Little Barbie is 4 1/2 and she lost her first tooth today. I’ve been flabbergasted over the whole thing. She isn’t really old enough to lose a tooth? To be honest, I think she tried to open/break something with her teeth and knocked them loose. The bottom two front teeth to be exact. I am a bad mom because I haven’t yet taken her to the dentist…
I am going to have to plead the 5th on that one seeing as I fear the dentist more than I fear a million spiders crawling into my bed when I sleep. Taking myself or my kids every 6 months for a cleaning is unheard of for me. (It is every 6 months right? See? I don’t even know.) Move aside, Bad Mom Number Three. I think I dethroned you on that one.
And then we have a comment left on one of these posts by Janel who simply and honestly stated:
I think I am a bad mom because I put on the TV if I need my own time.
Do you think my youngest can sing every Dora song and High School Musical song by heart because she was programmed that way? Of course not. It is because sometimes Mom needs time to herself. And if an hour or so of TV keeps me sane, bring it on and help me stay sane.
What is my point? Easy. Moms, listen up. You are NOT bad moms because you forgot the milk, didn’t get to the dentist, let your child watch occasional tv or you are not jumping for joy when you are asked to play cars or dinosaurs for nine millionth time. You are human. You are normal. You are a good mom.

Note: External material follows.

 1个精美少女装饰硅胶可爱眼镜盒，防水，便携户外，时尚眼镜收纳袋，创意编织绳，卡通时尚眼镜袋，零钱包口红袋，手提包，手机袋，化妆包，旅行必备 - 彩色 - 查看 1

Why a good mom? Because for these things–these small, little things that really don’t add up to much in the big picture– bother you so much, they are obviously not only out of the norm for you, but show everyone who reads your words that you are aware. You are on top of your game with parenting so when one little thing happens, you feel as if you have failed. You have not. You are not bad. You just are NOT. Period.

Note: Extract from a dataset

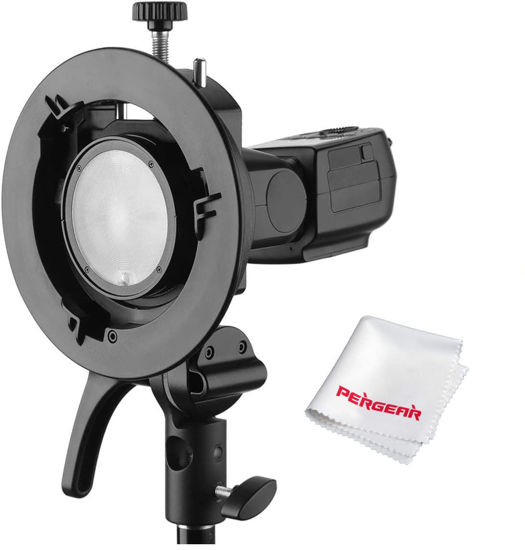 Picture of Godox S2 Bracket S-Type Speedlite Bracket Bowens Mount for Godox V1 AD200Pro AD400Pro AD200 and Other Flashes, Precise Tilt Control, Large Handle, Integrated Umbrella Mount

Let’s give ourselves some slack. Are you being your worst enemy? If another mother came up to you and said she was a terrible mom because she forgot to send a bottle of water to school with her daughter–even though she knows she is supposed to every day– and now she must in fact be a bad mom, would you agree with her? Would you look her in the eye and say, “Yes! YES! You are a bad mom, you water forgetting horrible woman!” (I hope you would not because honestly, I usually never forget that water!)
We make mistakes. All of us. Relax. Enjoy your children while they are young. Enjoy being a parent while you have these wonderful kids in your care. And remember, you are not a bad mom. You are a human one.

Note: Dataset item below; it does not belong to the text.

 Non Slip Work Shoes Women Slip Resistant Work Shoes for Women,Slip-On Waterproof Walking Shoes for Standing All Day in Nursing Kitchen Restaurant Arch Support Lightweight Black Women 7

Jenn is off to be a bad mom and watch her DVR’ed shows rather than making sure she leaves a note to remember the water tomorrow.
Great reminder for us moms, one that we need to hear. I’m guilty of the same thing, feeling like a bad mom over such small things. Thanks for letting us give ourselves a break today (wasn’t that some fast food jingle at one time??).
Kudos to you for point all that stuff out. I think to be a good mom, the first prerequisite is to love your child and let them know that you do. Be sure to let them know.
I think that everything else follows after that.
My son is grown, and we still really enjoy his company. And he seems to enjoy ours as well. And I’m sure I did lots of “bad mom” things when he was growing up. Where’s the rule that says you have to be absolutely perfect when you become a mom?
When I am having one of those days where I feel like I need a refresher course on parenting, my mom will often remind me about some of the “bad mom” things she feels like she did to my brother and I. I think we ended up okay?! My boys are thriving, goofy and think I am lame, my husband loves me and nobody has offered to lock me up yet. What more could a mother of 2 teenage boys ask for?
Great Post!!!!!!! And absolutely true.
You tell ’em, Mom! I feel like a bad mom sometimes because my kids don’t drink enough milk. So I compensate by feeding them yogurt and good Wisconsin cheese. Heck, they’ll get the calcium somehow.
You are totally not a bad mom because you turn on the tv to relax. I do the same thing in the evenings. This is my time to just veg and relax. If I don’t then I am very crabby. If mama ain’t happy then nobody is happy!
I saw this post pop up on BlogRush and I just HAD to read it.
It’s so true that we’re harder on ourselves that me should be. This job is HARD and it seems anything less than unwrinkled and unwavering perfection just won’t do.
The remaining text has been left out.